We defined hsCRP levels <1 mg/L as associated with a low risk of development of Cardiovascular Diseases (CVDs). Values between 1 and 3 mg/L were associated with the average risk and those >3 mg/L values were linked to high risk [27, 28].

2.8. Statistical Analysis

We used the IBM SPSS (Statistical Package for Social Science) program for statistical analysis (version 21.0, Inc., Chicago. IL) for data analysis. Qualitative data are shown as numbers and percentages, and the Chi-Squared test was used. We used Fisher’s exact test when >25% of the table cells have a value <5 for 2x2 qualitative data. Continuous data that were distributed normally presented as mean and standard deviation (SD) and an independent student t-test was done. Pearson’s correlation was used to assess the correlation between hsCRP and the CK-MB. Repeated measures analysis of variance (ANOVA) in the study groups was used to test the difference between the serial hsCRP measurements (baseline, 8, 16 and 24 h post-PCI/CAG). A p<0.05 was considered significant.

3. RESULTS

We recruited 80 CAD patients who had a previously implanted DES (everolimus-eluting stents). Subsequently, they underwent CAG due to chest pain or other related symptoms and were divided into 2 groups. ISR cases group (n=40) included patients with ISR, and the No-ISR control group (n=40) did not have ISR. The baseline characteristics are listed in Table 1. There were no significant differences in age, gender, smoking, hypertension, and diabetes mellitus prevalence between the ISR cases and the controls. The baseline hsCRP was significantly higher in the cases with ISR than the controls: 3.5±1.7 and 2.0±1.5 mg/L, respectively (p<0.0001). Similarly, the hsCRP 24h post-intervention was significantly higher in ISR cases than in the controls (p<0.0001).
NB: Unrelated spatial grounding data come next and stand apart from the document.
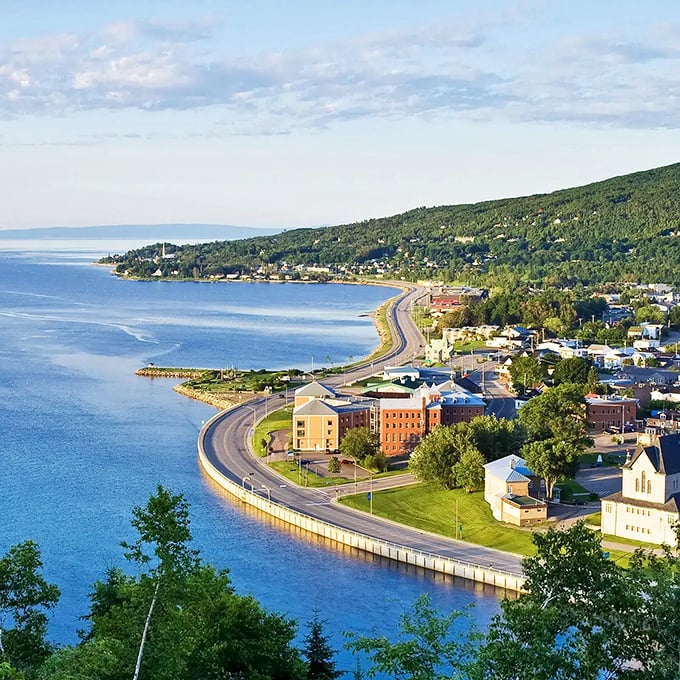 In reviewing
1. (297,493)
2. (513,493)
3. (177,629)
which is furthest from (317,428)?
(177,629)

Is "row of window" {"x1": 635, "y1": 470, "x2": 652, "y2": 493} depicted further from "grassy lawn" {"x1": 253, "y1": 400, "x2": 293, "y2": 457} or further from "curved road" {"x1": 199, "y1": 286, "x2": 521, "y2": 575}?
"grassy lawn" {"x1": 253, "y1": 400, "x2": 293, "y2": 457}

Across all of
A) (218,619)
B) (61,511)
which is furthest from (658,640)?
(61,511)

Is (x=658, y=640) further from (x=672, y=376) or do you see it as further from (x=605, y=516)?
(x=672, y=376)

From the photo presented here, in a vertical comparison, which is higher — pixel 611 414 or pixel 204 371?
pixel 204 371

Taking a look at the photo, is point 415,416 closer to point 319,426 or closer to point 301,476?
point 319,426

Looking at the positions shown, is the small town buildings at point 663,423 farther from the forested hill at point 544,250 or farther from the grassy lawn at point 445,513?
the forested hill at point 544,250

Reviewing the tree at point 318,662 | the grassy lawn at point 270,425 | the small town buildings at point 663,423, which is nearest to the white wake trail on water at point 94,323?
the grassy lawn at point 270,425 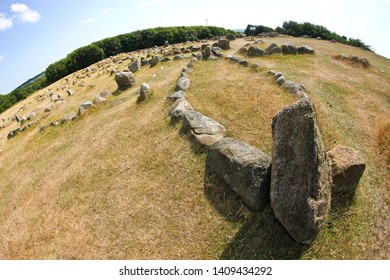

The cardiac biomarker CK-MB was 151.9±109.3 and 126.5±104.4 IU/L, respectively; the difference was not significant (p=0.29).

The hsCRP levels were cross-tabulated between the 2 study groups in Table 2. The baseline hsCRP level showed a substantial increase in the ISR group compared with the No-ISR. There were 36 (90%) patients of ISR who had a high hsCRP (>3 mg/L) compared with 25 (62.5%) patients in the controls (Fig. 1). Patients with ISR had higher frequencies and percentages of elevated CRP than the No-ISR controls. This difference was maintained at all time points, baseline, after 8, 16, and 24 h (p<0.05).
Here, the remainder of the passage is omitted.